Эта позиция, казалось бы, противоречила петровской установке на просвещение государства. Но следует учитывать, что для Петра I и его подручных речь шла о государственном, полицейски-подконтрольном просвещении, собственно говоря, о создании круга подготовленных к исполнению определенных государственных задач специалистов. Самостийное книжное творчество каких-то там монахов представлялось государю не только бесполезным, но и опасным. Другое дело, что позже Петру приходила мысль приспособить монастыри в мастерские переводов полезных для властей книг… Согласно указу от 1 сентября 1723 года требовалось всех молодых монахов (до 30-летнего возраста) забрать в Московскую Заиконоспасскую академию, как прежде в духовную школу насильственно рекрутировались дети духовных лиц.
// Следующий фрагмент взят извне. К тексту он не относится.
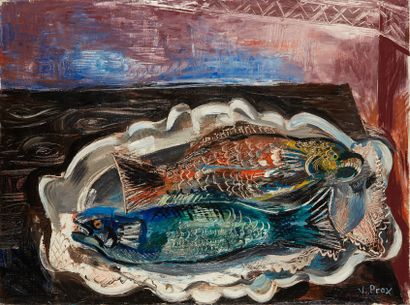 Valentine PRAX (1897-1981) Nature morte aux poissons
Huile marouflée sur toile
Signée...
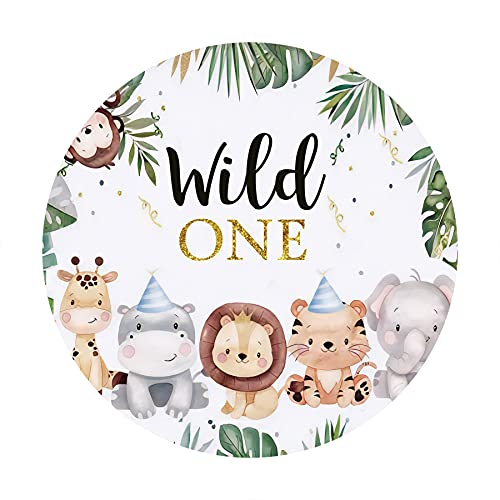 Leyiyi 7.2x7.2ft Wild One Round Backdrop Cover Jungle Safari Animals Circle Backdrop Stand Cover Tropical Leaves Forest Zoo Photography Background for Boys Birthday Party Baby Shower Cake Table Banner by Leyiyi - Used condition - Image 4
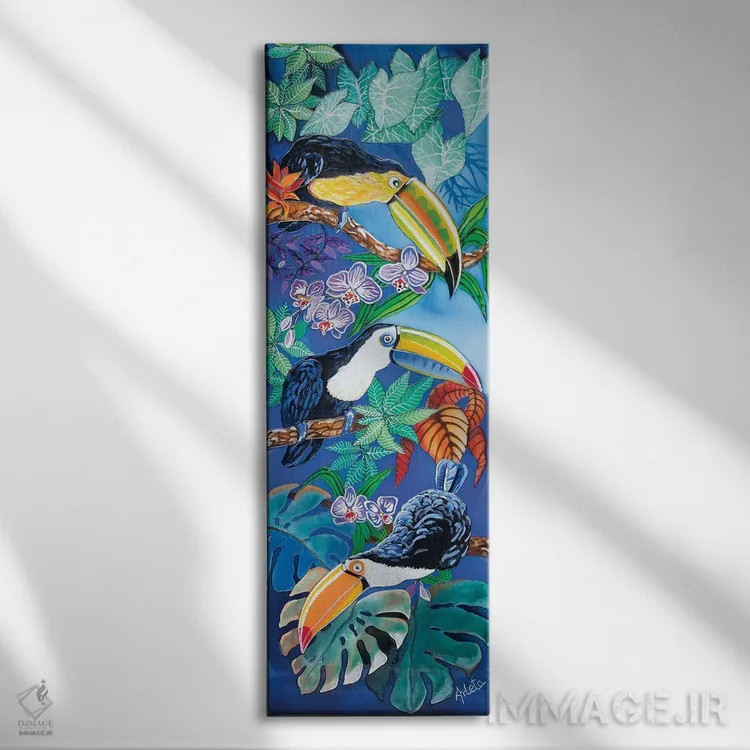 تابلو سه توکان اثر آرلت اسمولکو - نمای روبهرو روی دیوار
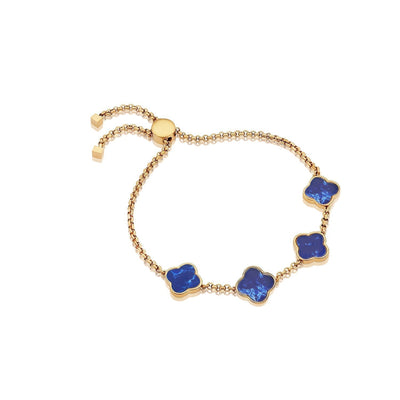 Blue Lace Agate Clover Custom Name Bracelet (Gold)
Программа обучения для нужд духовного департамента излагалась уже в «Регламенте», имевшем специальный раздел: «Домы училищные, и в них учители и ученики, також и церковные проповедники». Феофан Прокопович совершенно справедливо отмечал, что, «когда нет света учения, нельзя быть доброму Церкви поведению, и нельзя не быть нестроению, и многим смеха достойным суевериям, еще же и раздорам и пребезумным ересям». В центре образовательной системы должна была находиться Академия – многоступенчатая общеобразовательная школа-училище, венчавшаяся философским и богословским классами.
Феофан Прокопович, архиепископ Новгородский
Тщетно, однако, мы будем искать в «Духовном регламенте» медведевский проект всесословного автономного университета. Для Феофана Прокоповича Академия – это бурса, куда насильно вербуют детей духовного сословия для подготовки к духовной службе в условиях, близких к тюремному заключению, при полном отрыве от родственников и привычной среды. «Такое молодых людей житье, – признавал сам Прокопович, – кажется тяжелым и заключению пленническому подобным», но автор «Регламента» надеялся, что ученики привыкнут к такой жизни и вскоре именно в несвободе обретут счастье. «В полицейском государстве, – заметил по этому поводу Г. Флоровский, – не различают учение и службу. Самое учение есть служба или повинность. На ученика (даже совсем малолетнего) в это время смотрят именно как на служащего человека, отбывающего повинность… под страхом… уголовного наказания… Неявившихся, убылых и беглых полагалось разыскивать и приводить силой, иногда даже в кандалах, – “для обучения и употребления над ними изображенного в Духовном Регламенте искушения”. «Не следует уменьшать объем и значительность ученых и даже учебных достижений XVIII века, – констатировал тот же исследователь. – Во всяком случае, это был очень важный культурно-богословский опыт. И по всей России раскинулась довольно сложная школьная сеть… Но все это “школьное” богословие было в собственном смысле беспочвенным. Оно взошло и взросло на чужой земле… Точно надстройка над пустым местом… и вместо корней сваи… Богословие на сваях – вот итог XVIII века».